Dies Irae.—The first two words of a Latin hymn, meaning "Day of Wrath," being the 36th of the Hymnal. It is supposed to have been written in the Twelfth Century by Thomas of Celano. The translation of this hymn used in the Hymnal was made by the Rev. W. J. Irons, in 1869. It seems to be a poetic and devotional embodiment of the words to be found in Hebrews 10:27, "a certain fearful looking for of judgment and fiery indignation," and is much used during Advent. The music to which it is usually sung was written by the Rev. John B. Dykes in 1861, and is a most beautiful rendering of this ancient and sublime hymn.

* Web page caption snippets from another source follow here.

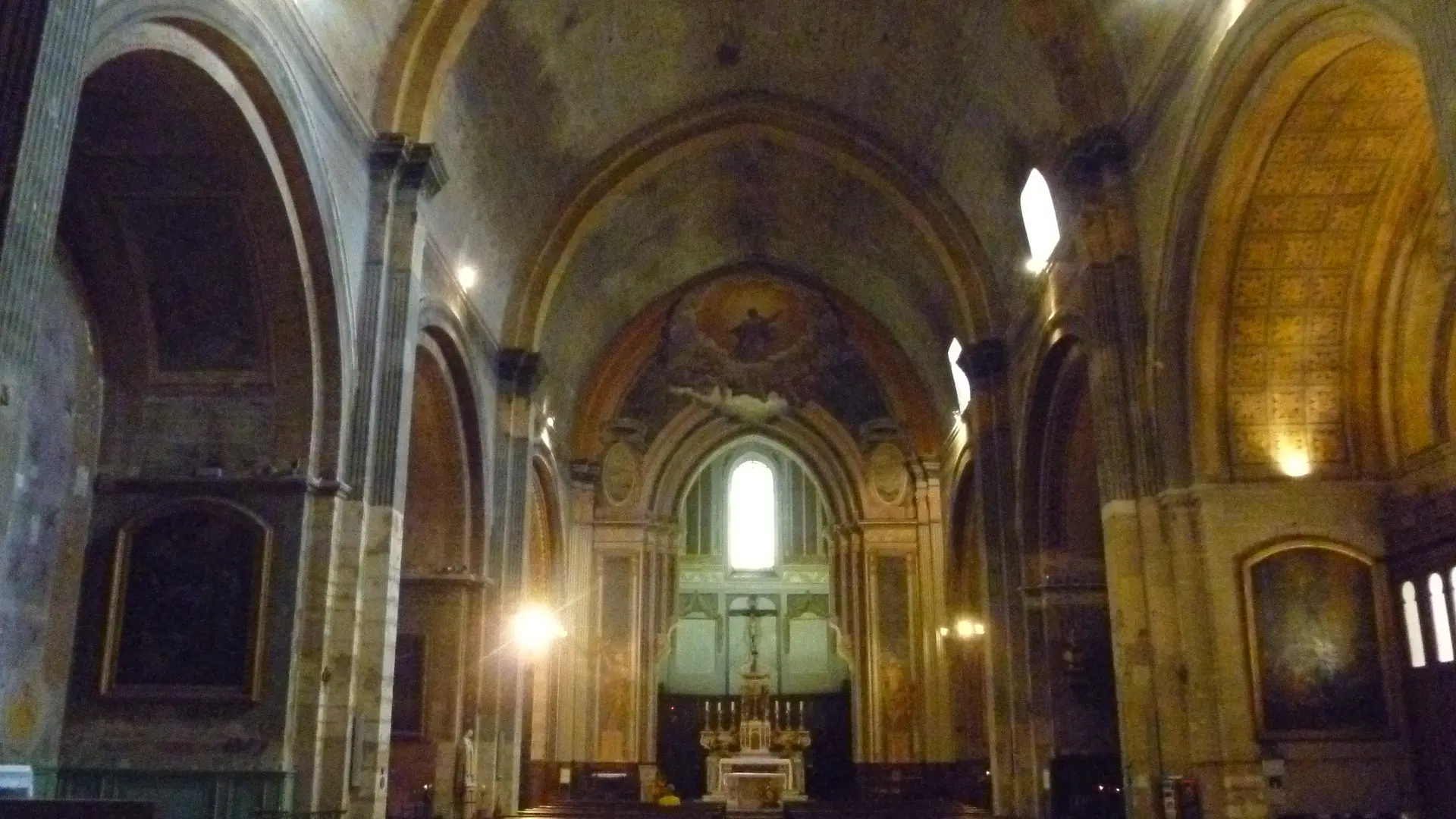 Intérieur de la Cathédrale Notre Dame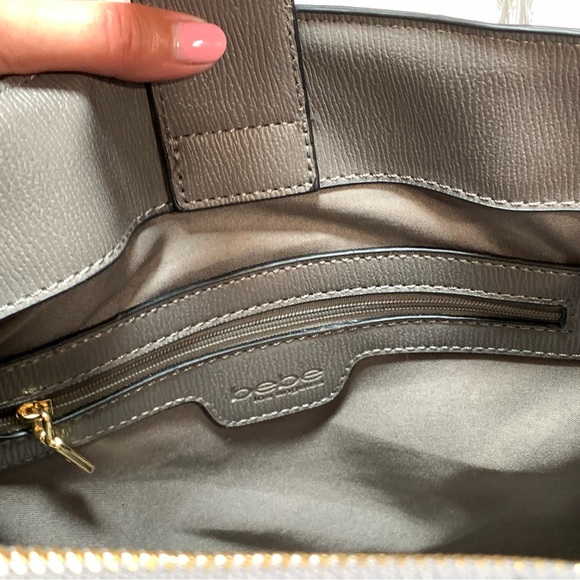 🎉4x Host Pick!🎉 Bebe gray tote bag gold includes removable shoulder strap NWOT - Picture 12 of 16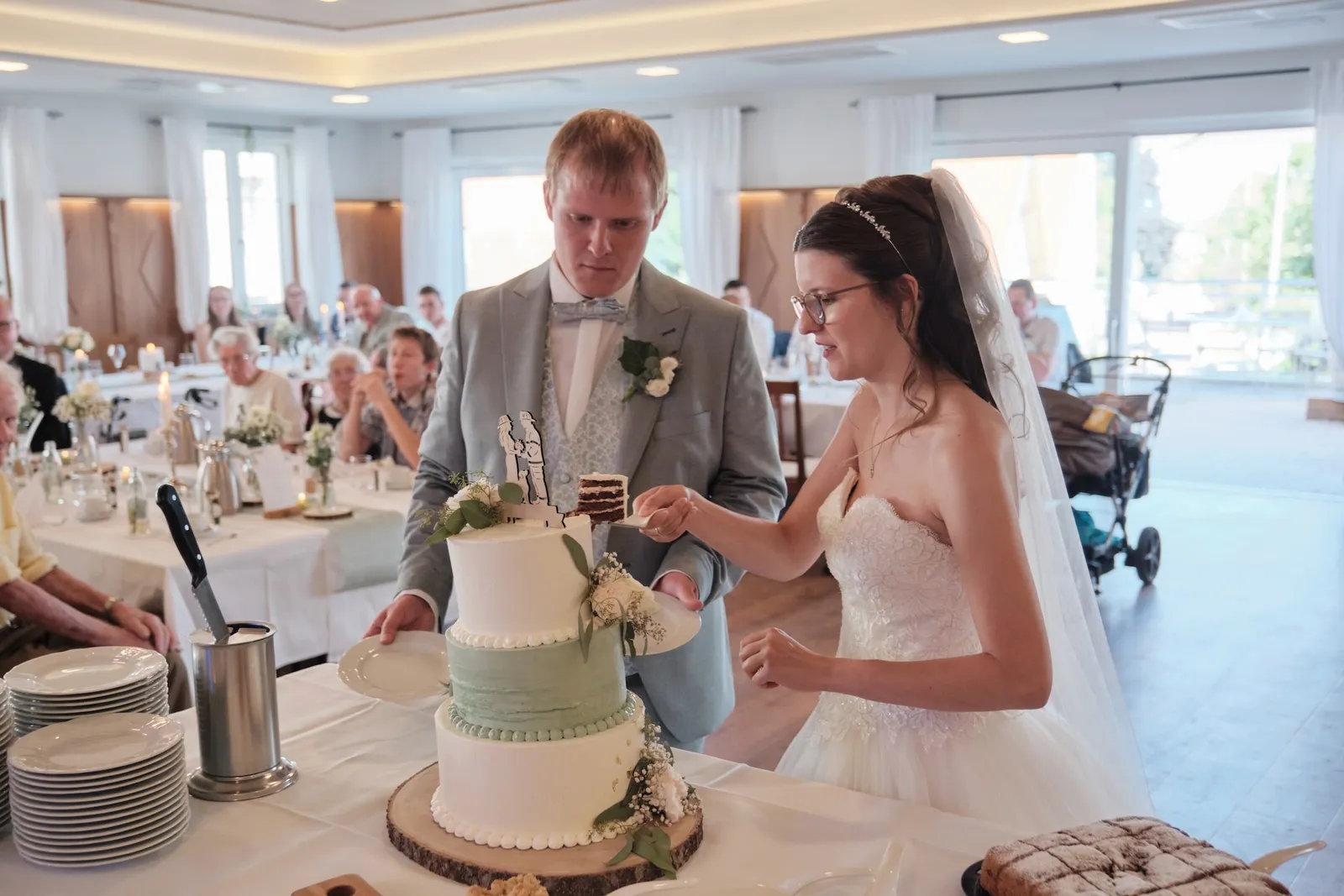 Ronja und Markus füttern sich lachend mit Torte – Hochzeit Ronja & Markus, Gasthaus zur Krone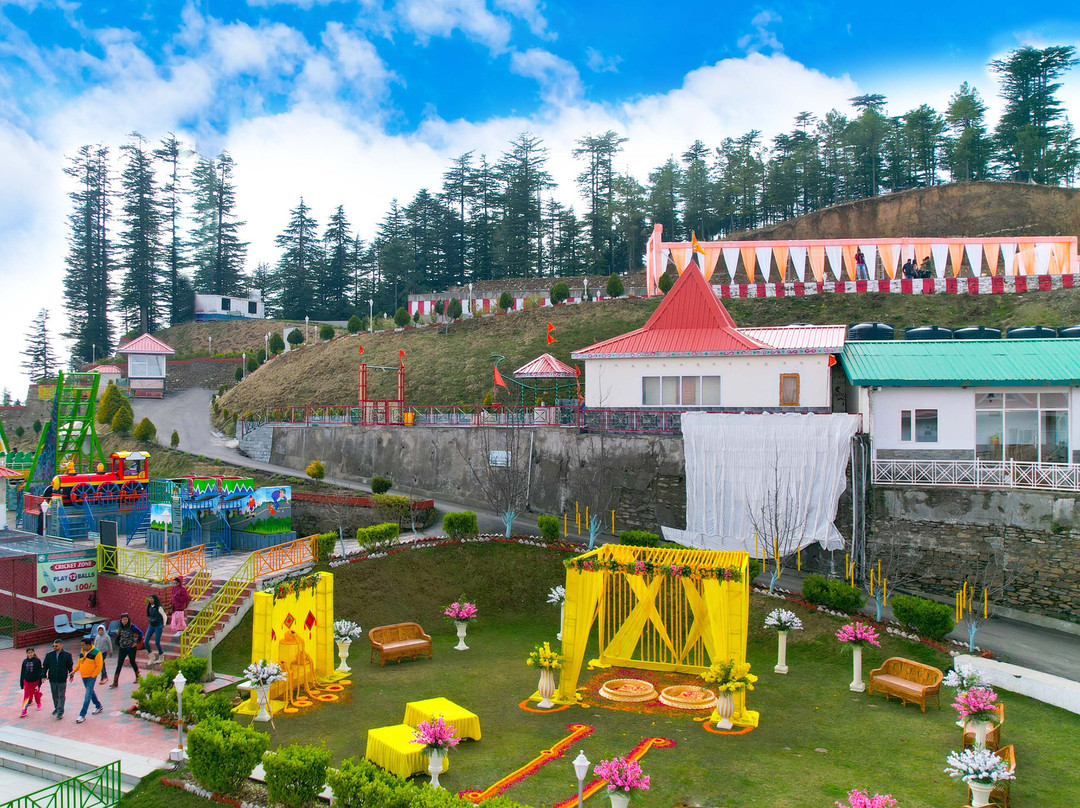 The Twin Towers Hotel主图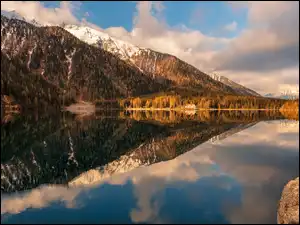 Anterselva Lake, Dolomity, Dom, Drzewa, Góry, Hotel Seehaus, Antholzer See, Jesień, Modrzewie, Jezioro, Włochy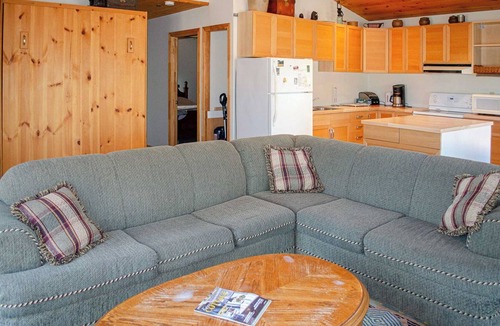 Trent Lakes Cottage | Buckhorn's Angelfire Resort - High View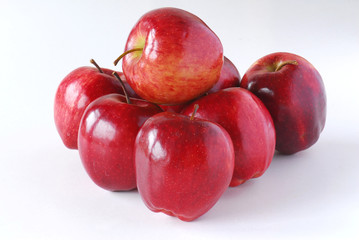 red apple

Digest of the Canons.—The name given to the collection of the laws or canons of the American Church enacted and set forth by the General Convention. The word "Digest" is derived from the Latin word digestus, meaning carried apart, resolved, digested, and is applied to a body of laws arranged under their proper heads or titles. The Canons set forth by the General Convention as thus arranged come under four titles, viz.:
TITLE I.—Of the Orders of the Ministry and of the Doctrine and
Worship of this Church. Under this head there are Twenty-six Canons.

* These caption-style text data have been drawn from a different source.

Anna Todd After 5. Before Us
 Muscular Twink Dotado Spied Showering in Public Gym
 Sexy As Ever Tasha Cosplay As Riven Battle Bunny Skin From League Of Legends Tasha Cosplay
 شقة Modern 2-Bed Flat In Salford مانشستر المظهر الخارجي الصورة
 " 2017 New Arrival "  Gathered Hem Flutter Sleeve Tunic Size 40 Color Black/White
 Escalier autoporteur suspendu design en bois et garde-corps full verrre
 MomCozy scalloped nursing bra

TITLE II.—Of Discipline, Thirteen Canons.
TITLE III.—Of the Organized Bodies and Officers of the Church,
Nine Canons. {81}
TITLE IV.—Miscellaneous Provisions, Four Canons.
There is also an appendix of Standing Resolutions.
Dimissory Letter.—A letter given to a clergyman removing from one Diocese to another. The General Canons provide that "before a clergyman shall be permitted to settle in any Church or Parish, or be received into union with any Diocese of this Church as a Minister thereof, he shall produce to the Bishop, or if there be no Bishop, to the Standing Committee thereof, a letter of dismission from under the hand and seal of the Bishop with whose Diocese he has been last connected . . . which shall be delivered within six months from the date thereof; and when such clergyman shall have been so received he shall be considered as having passed entirely from the jurisdiction of the Bishop from whom the letter of dismission was brought, to the full jurisdiction of the Bishop or other Ecclesiastical Authority by whom it shall be accepted and become thereby subject to all the canonical provisions of this Church." The effect of this law is that in the Episcopal Church there can be no strolling, irresponsible evangelists or preachers, and thus the people are protected from imposture, and may know, when the proper steps are taken, that their ministers come to them fully accredited and duly authorized to minister to them in Christ's Name.
Diocese.—The territorial limits of a Bishop's Jurisdiction. Properly speaking the Diocese is the real unit of Church life. Originally the Bishop went first in the establishing of the Church in any nation or country; out of this Jurisdiction grew the parishes or local congregation, being ministered to by the Priests {82} under the Bishop. In the American Church, through force of circumstances, the reverse of this has been the case. But notwithstanding, the fact remains here as elsewhere that the Diocese with the Bishop at its head is the real unit of Church life and organization, and the Parish a dependency of it and from which it gets its corporate existence as a Parish. In the phraseology of the Canons, a missionary Bishop presides over a "Missionary Jurisdiction" which it is expected will develop into a Diocese, but according to the true theory of the Church his Missionary Jurisdiction is really a Diocese. (See CATHEDRAL.)